Abstract: Machine learning-assisted diagnosis shows promise, yet medical imaging datasets are often scarce, imbalanced, and constrained by privacy, making data augmentation essential. Classical generative models typically demand extensive computational and sample resources. Quantum computing offers a promising alternative, but existing quantum-based image generation methods remain limited in scale and often face barren plateaus. We present MediQ-GAN, a quantum-inspired GAN with prototype-guided skip connections and a dual-stream generator that fuses classical and quantum-inspired branches. Its variational quantum circuits inherently preserve full-rank mappings, avoid rank collapse, and are theory-guided to balance expressivity with trainability. Beyond generation quality, we provide the first latent-geometry and rank-based analysis of quantum-inspired GANs, offering theoretical insight into their performance. Across three medical imaging datasets, MediQ-GAN outperforms state-of-the-art GANs and diffusion models. While validated on IBM hardware for robustness, our contribution is hardware-agnostic, offering a scalable and data-efficient framework for medical image generation and augmentation.

Key Contributions

MediQ-GAN is a quantum-inspired GAN for high-resolution medical image generation that addresses limitations of classical and quantum GANs.
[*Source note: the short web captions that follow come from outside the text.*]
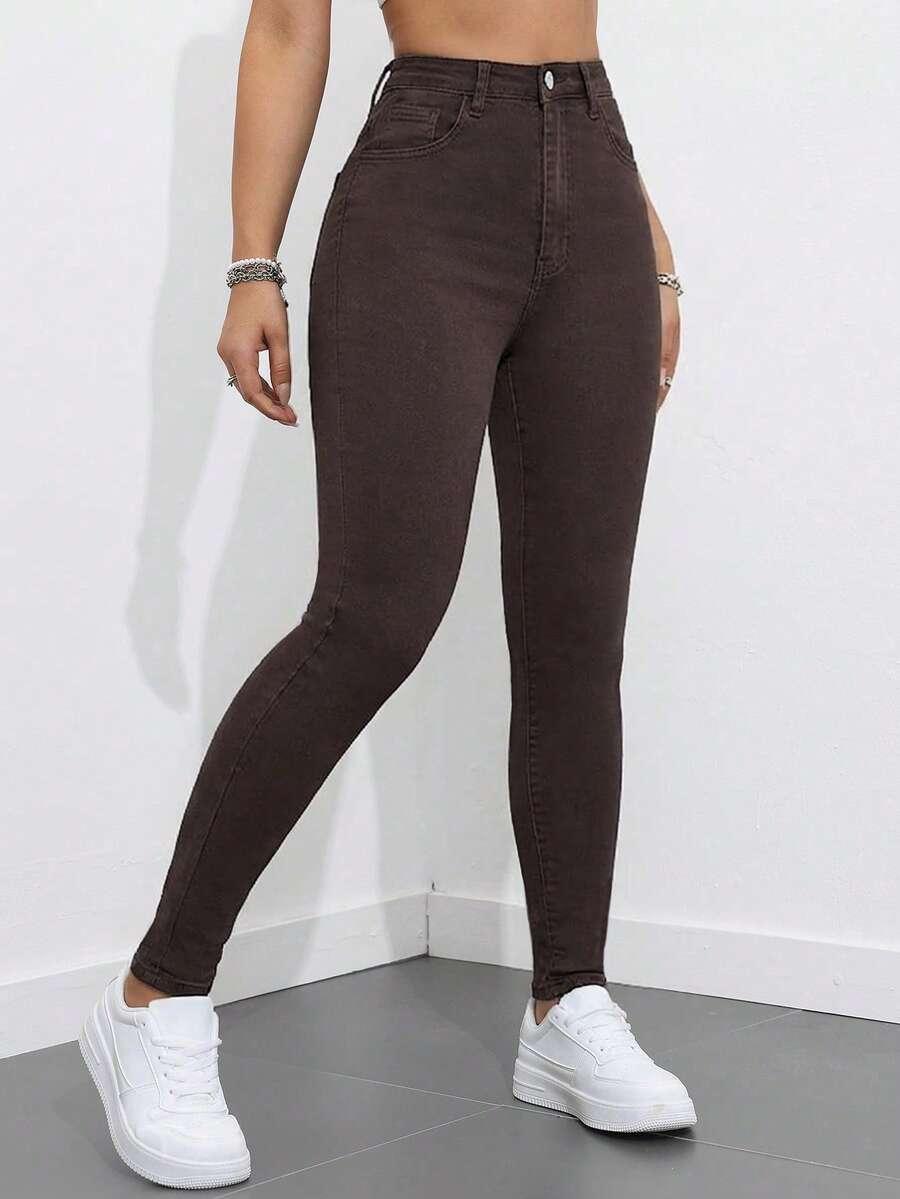 BRĄZOWE SPODNIE JEANS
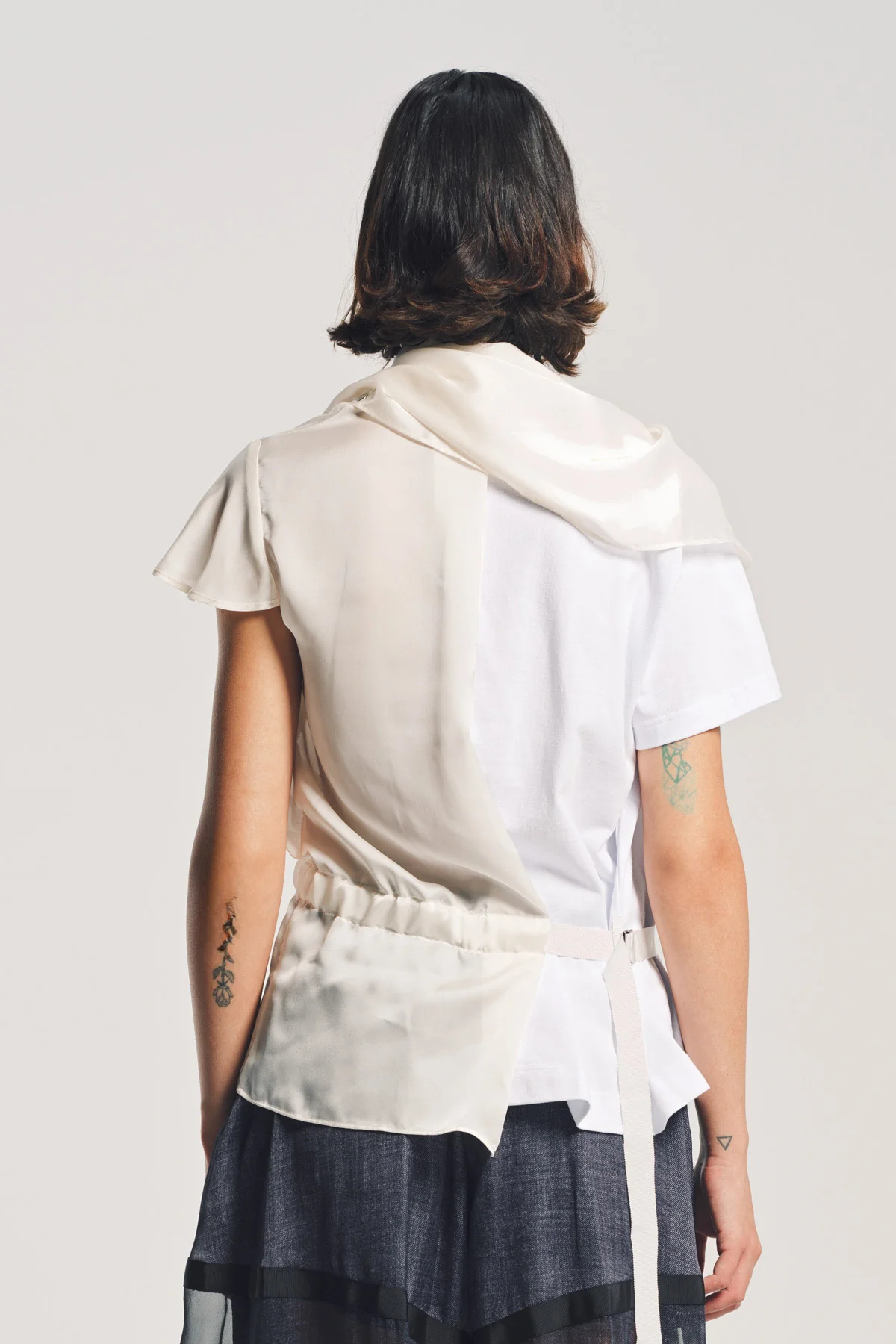 SACAI | SATIN COTTON T-SHIRT - Image 4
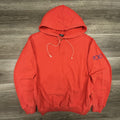 Vintage Polo Ralph Lauren Hoodie Mens M (Yth XL) Orange Henley Logo RARE 80s 90s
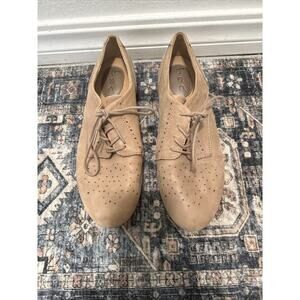 boc Beige Leather Lace Up Loafers Sz 10 M Derby Cottagecore Oxford Women Shoes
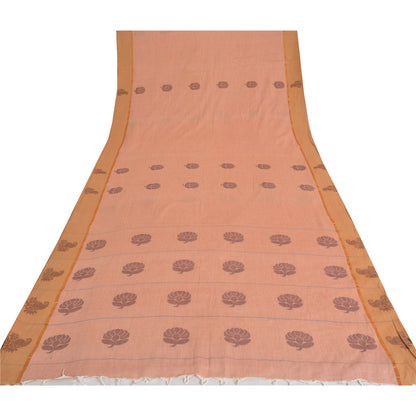 Sanskriti Vintage Salmon Pink Sarees Pure Cotton Hand woven Sari 5ydCraft Sustainable Fabric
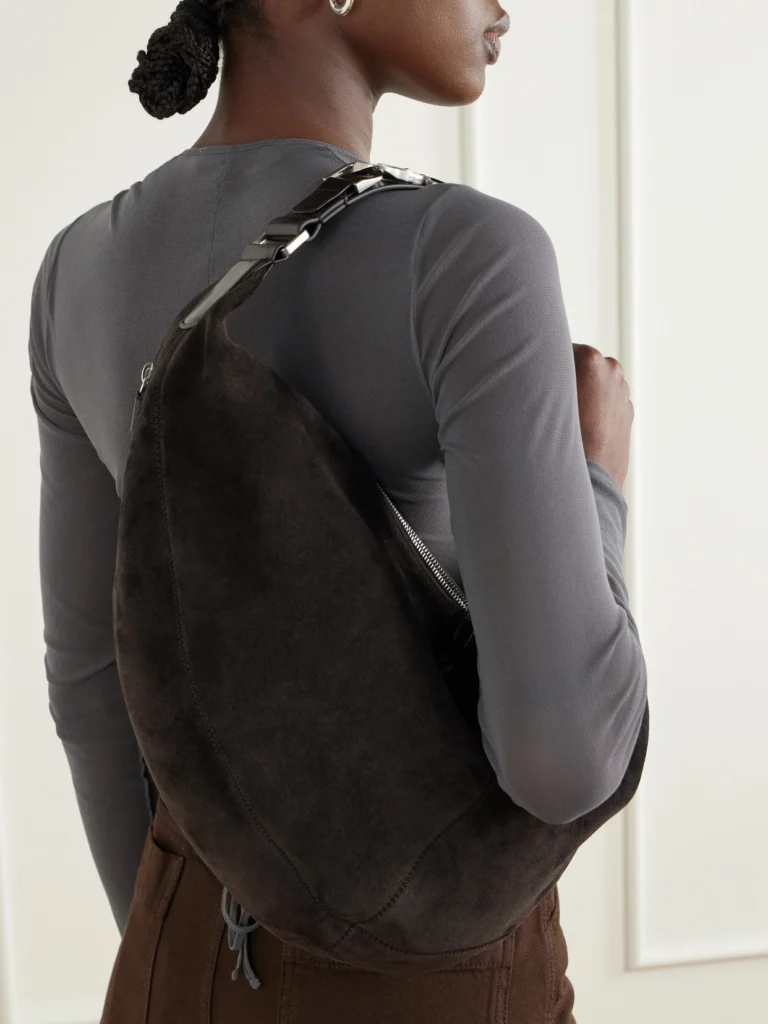 Lemaire Quiver Clip Mini Leather-trimmed Suede Shoulder Bag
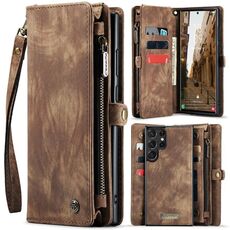 Custodia per telefono in pelle multifunzionale staccabile CaseMe 008 per Samsung Galaxy S24 Ultra 5G (marrone)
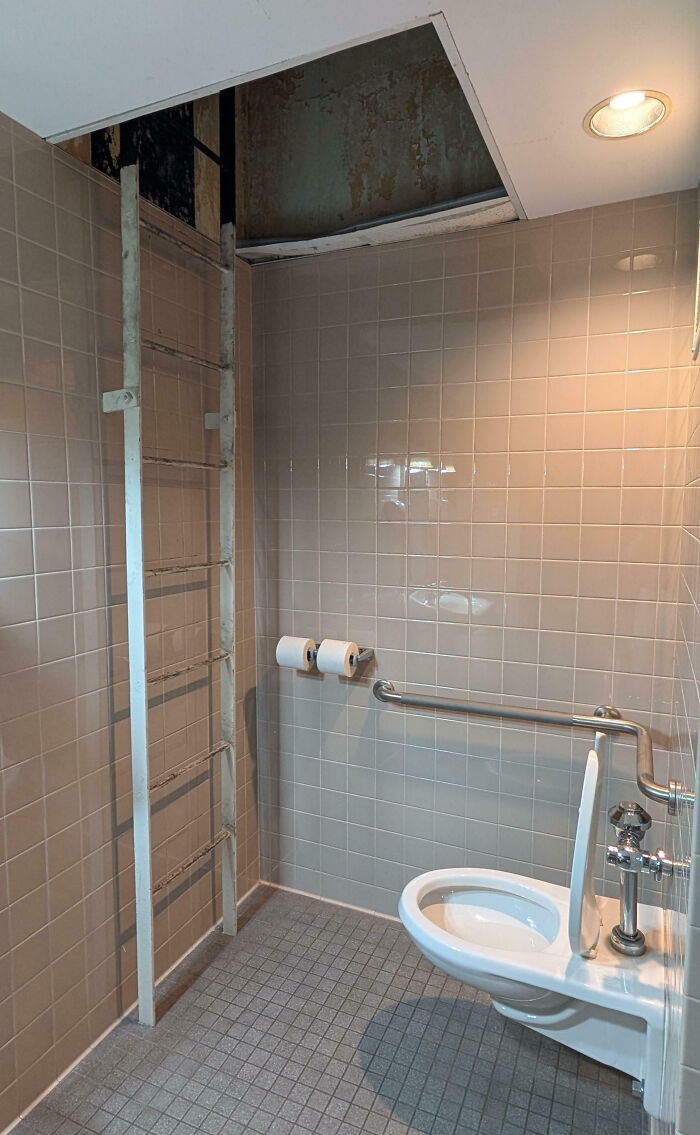 Bathroom with a ladder leading to an open ceiling hatch, a toilet with two toilet paper rolls on the wall, weird and cursed pic.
It uses prototype-guided skip connections and a dual-stream generator with variational quantum circuits, offering theoretical insights into quantum-inspired GAN performance and outperforming state-of-the-art methods.

Business Value

Enables the creation of realistic synthetic medical images to augment scarce datasets, improving the training of diagnostic AI models, enhancing privacy, and potentially reducing the need for extensive data collection.